Top of RECORDS TO USE

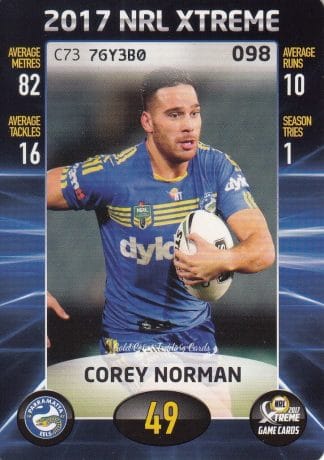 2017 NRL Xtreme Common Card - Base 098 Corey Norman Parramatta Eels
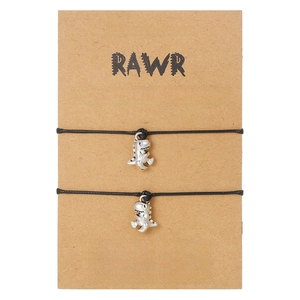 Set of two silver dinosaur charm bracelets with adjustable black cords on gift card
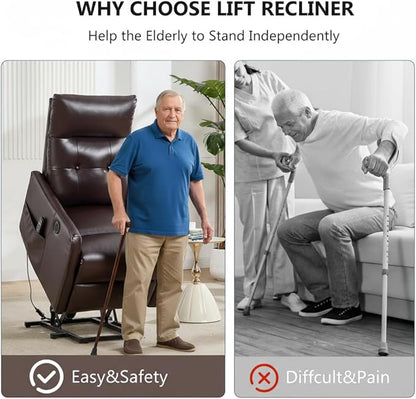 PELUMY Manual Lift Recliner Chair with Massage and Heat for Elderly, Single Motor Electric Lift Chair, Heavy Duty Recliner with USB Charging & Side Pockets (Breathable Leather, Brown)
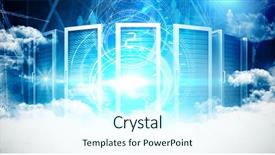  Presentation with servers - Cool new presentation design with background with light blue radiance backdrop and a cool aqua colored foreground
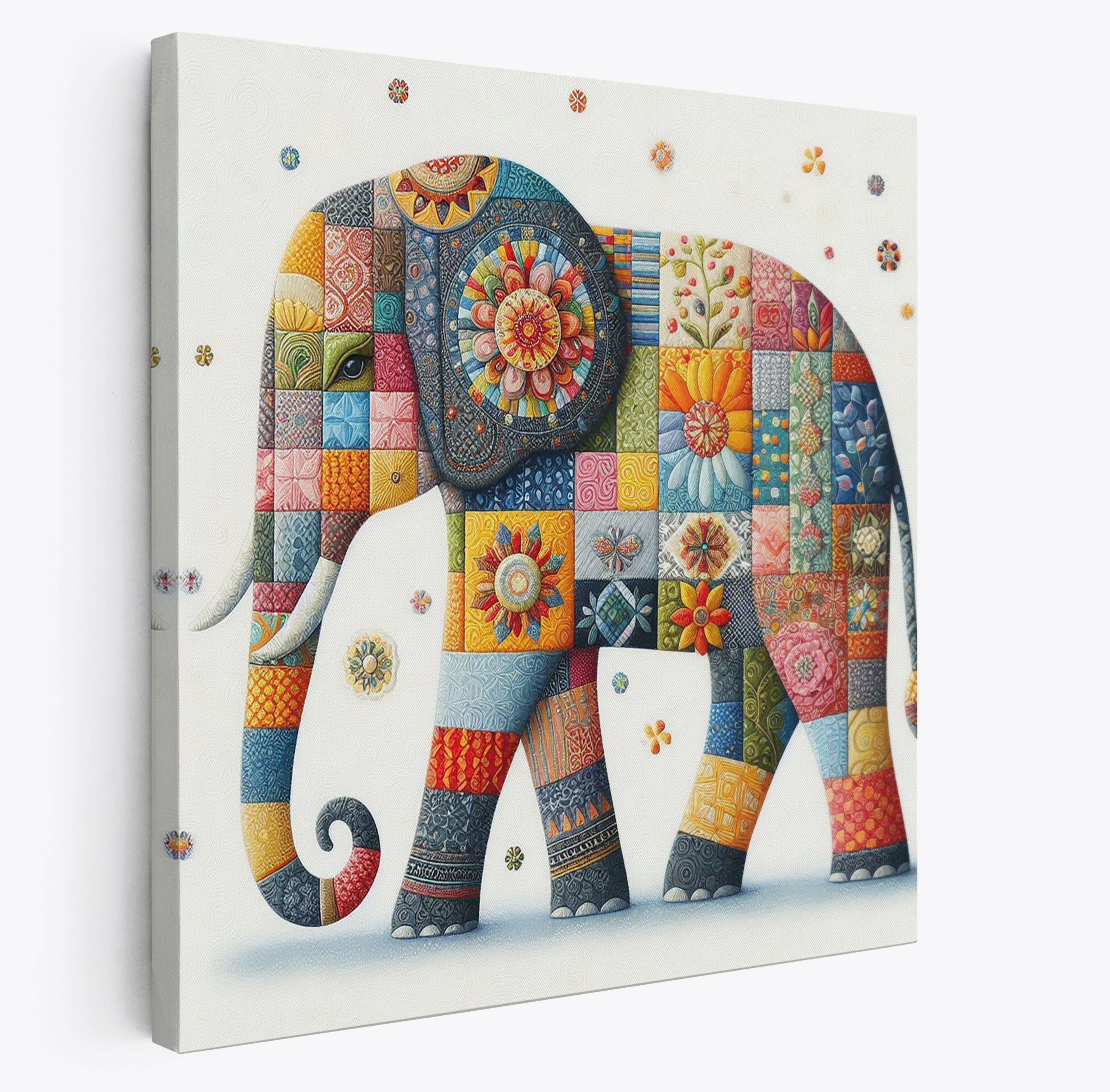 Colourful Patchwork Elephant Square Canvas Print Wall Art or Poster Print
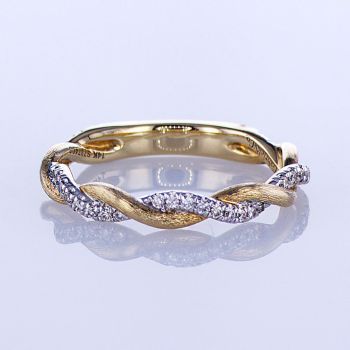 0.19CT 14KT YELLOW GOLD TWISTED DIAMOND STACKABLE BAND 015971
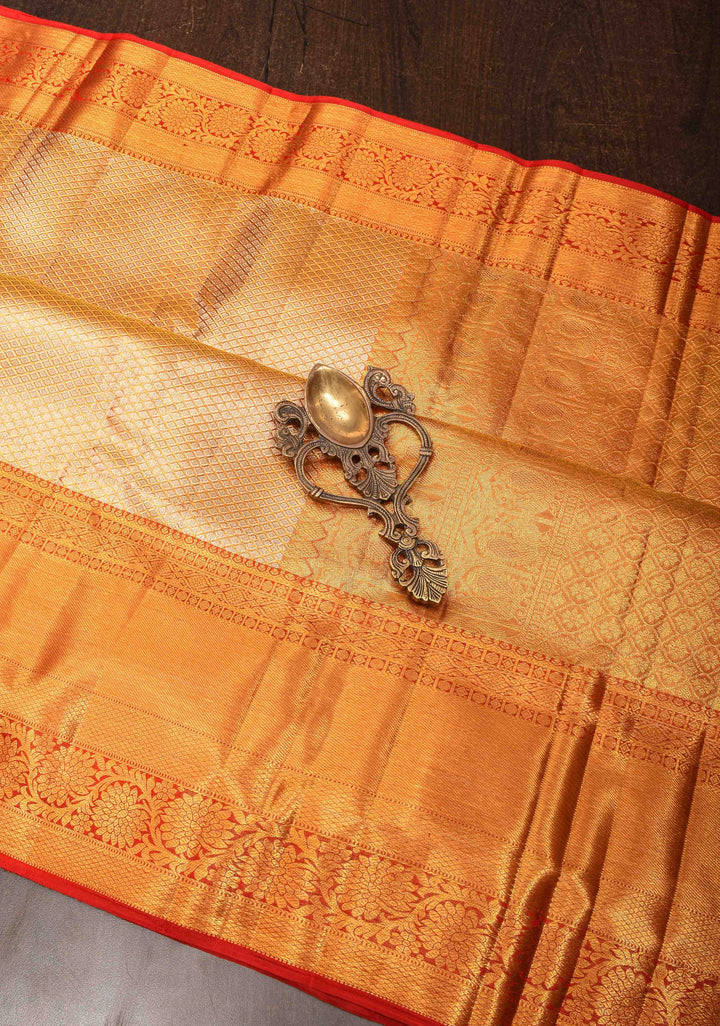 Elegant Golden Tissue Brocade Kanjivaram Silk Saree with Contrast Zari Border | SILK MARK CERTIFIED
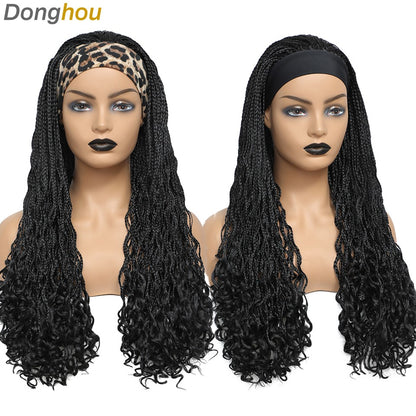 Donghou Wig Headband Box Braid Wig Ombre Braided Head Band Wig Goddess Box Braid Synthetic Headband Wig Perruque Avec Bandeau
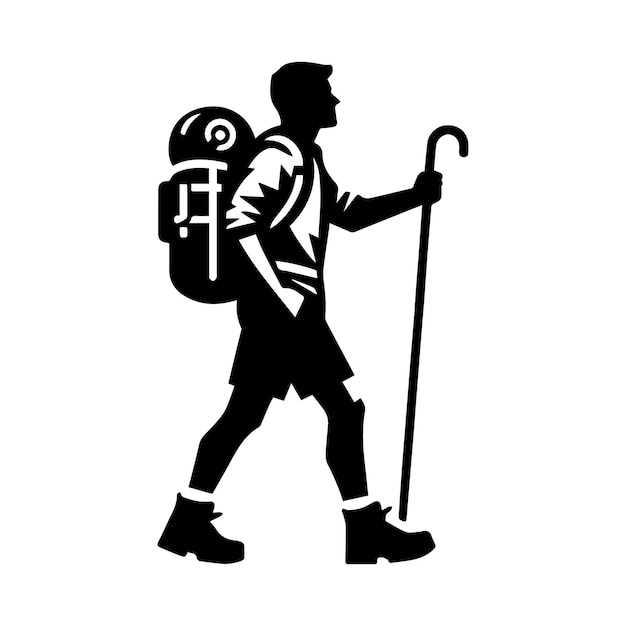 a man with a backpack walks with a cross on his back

Bottom of RECORDS TO USE

» INSTRUCTIONS FOR THE TASK: Beginning with the first line of the entries above, repeat each line word for word until the line with "Colourful Patchwork Elephant" has been given too. Omit the pictures.

» WRITTEN RESPONSE:
 2017 NRL Xtreme Common Card - Base 098 Corey Norman Parramatta Eels
 Set of two silver dinosaur charm bracelets with adjustable black cords on gift card
 PELUMY Manual Lift Recliner Chair with Massage and Heat for Elderly, Single Motor Electric Lift Chair, Heavy Duty Recliner with USB Charging & Side Pockets (Breathable Leather, Brown)
  Presentation with servers - Cool new presentation design with background with light blue radiance backdrop and a cool aqua colored foreground
 Colourful Patchwork Elephant Square Canvas Print Wall Art or Poster Print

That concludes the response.